**Given data**.
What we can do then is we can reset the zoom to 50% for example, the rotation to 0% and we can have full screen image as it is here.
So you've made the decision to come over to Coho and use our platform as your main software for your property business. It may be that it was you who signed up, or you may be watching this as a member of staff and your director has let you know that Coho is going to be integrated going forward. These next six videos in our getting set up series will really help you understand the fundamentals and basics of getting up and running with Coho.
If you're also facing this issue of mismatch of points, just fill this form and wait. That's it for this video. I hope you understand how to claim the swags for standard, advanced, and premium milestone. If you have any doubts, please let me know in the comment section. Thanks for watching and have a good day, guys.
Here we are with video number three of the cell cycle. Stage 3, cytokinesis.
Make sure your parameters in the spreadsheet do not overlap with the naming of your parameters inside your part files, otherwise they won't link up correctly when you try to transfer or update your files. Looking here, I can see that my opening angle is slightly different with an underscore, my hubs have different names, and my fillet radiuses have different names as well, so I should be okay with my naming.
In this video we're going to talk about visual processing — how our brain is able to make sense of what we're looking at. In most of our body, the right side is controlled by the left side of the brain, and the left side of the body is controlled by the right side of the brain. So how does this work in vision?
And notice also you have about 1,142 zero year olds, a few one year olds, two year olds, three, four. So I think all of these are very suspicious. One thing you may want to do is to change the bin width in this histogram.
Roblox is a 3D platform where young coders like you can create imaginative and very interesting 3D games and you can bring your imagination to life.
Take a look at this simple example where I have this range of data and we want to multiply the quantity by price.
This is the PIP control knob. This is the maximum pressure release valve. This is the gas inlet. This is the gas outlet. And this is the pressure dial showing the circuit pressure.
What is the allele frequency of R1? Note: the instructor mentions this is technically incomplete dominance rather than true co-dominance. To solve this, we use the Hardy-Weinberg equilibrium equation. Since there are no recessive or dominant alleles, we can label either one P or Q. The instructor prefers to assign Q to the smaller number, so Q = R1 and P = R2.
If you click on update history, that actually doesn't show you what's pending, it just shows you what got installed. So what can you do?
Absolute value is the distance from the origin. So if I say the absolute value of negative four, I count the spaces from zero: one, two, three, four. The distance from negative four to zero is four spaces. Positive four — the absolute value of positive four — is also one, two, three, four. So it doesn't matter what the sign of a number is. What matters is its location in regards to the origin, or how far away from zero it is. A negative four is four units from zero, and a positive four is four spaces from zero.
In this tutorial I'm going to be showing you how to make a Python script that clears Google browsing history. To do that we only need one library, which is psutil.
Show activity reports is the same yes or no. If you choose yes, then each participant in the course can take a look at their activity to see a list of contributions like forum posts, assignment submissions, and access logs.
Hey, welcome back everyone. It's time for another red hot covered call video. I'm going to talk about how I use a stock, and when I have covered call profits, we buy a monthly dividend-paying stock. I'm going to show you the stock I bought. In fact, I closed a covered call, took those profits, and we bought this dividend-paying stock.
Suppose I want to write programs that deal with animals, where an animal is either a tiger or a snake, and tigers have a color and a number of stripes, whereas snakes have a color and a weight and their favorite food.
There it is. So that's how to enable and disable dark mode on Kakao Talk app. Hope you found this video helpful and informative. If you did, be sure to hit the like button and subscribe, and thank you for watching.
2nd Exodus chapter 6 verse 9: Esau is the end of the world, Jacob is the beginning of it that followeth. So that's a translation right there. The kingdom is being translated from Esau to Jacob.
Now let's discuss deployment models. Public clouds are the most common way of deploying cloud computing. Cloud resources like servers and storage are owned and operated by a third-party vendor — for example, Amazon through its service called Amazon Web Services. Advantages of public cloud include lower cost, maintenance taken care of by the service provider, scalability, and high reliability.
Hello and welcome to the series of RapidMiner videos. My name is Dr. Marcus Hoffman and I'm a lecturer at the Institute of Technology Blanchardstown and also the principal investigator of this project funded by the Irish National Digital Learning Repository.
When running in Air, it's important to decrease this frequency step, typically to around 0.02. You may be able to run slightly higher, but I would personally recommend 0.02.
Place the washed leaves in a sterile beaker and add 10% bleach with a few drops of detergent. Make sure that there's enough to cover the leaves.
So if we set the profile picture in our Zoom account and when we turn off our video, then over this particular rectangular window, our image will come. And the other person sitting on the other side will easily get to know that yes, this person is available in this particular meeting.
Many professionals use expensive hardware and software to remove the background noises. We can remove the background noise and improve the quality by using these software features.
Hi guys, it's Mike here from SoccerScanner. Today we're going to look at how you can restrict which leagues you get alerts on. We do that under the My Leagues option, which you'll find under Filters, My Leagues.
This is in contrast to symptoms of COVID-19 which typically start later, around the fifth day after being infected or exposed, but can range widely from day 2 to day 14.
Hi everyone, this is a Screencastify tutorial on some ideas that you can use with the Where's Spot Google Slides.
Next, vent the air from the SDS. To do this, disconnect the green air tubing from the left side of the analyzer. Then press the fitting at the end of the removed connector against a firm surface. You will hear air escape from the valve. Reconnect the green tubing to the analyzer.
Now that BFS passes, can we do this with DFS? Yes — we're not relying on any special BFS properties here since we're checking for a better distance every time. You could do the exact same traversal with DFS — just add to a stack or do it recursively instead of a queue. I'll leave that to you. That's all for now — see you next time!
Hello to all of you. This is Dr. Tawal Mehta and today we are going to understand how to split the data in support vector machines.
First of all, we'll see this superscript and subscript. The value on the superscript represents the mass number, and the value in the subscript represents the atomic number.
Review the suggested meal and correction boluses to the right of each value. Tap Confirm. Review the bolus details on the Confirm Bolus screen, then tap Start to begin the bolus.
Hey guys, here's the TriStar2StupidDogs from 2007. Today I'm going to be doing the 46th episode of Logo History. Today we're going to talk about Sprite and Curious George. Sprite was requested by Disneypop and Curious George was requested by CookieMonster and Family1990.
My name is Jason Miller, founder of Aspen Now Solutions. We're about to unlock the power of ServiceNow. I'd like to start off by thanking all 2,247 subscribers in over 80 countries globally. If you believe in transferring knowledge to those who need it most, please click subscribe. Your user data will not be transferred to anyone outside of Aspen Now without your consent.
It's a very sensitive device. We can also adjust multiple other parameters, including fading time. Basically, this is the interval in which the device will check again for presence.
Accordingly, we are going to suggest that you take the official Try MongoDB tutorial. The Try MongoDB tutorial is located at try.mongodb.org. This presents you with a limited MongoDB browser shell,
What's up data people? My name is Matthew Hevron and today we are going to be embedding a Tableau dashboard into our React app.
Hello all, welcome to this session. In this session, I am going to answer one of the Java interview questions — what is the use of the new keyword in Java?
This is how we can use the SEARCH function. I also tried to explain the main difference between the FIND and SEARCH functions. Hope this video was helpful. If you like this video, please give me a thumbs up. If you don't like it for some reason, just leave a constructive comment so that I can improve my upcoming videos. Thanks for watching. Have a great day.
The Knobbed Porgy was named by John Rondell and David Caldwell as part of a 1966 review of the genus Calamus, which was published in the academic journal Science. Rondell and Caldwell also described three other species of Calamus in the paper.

**Activity**. Above this instruction are the records; retype exactly the lines from the one containing "Take a look at this" up to and including the one containing "If you click".

**Task solution**.
Take a look at this simple example where I have this range of data and we want to multiply the quantity by price.
This is the PIP control knob. This is the maximum pressure release valve. This is the gas inlet. This is the gas outlet. And this is the pressure dial showing the circuit pressure.
What is the allele frequency of R1? Note: the instructor mentions this is technically incomplete dominance rather than true co-dominance. To solve this, we use the Hardy-Weinberg equilibrium equation. Since there are no recessive or dominant alleles, we can label either one P or Q. The instructor prefers to assign Q to the smaller number, so Q = R1 and P = R2.
If you click on update history, that actually doesn't show you what's pending, it just shows you what got installed. So what can you do?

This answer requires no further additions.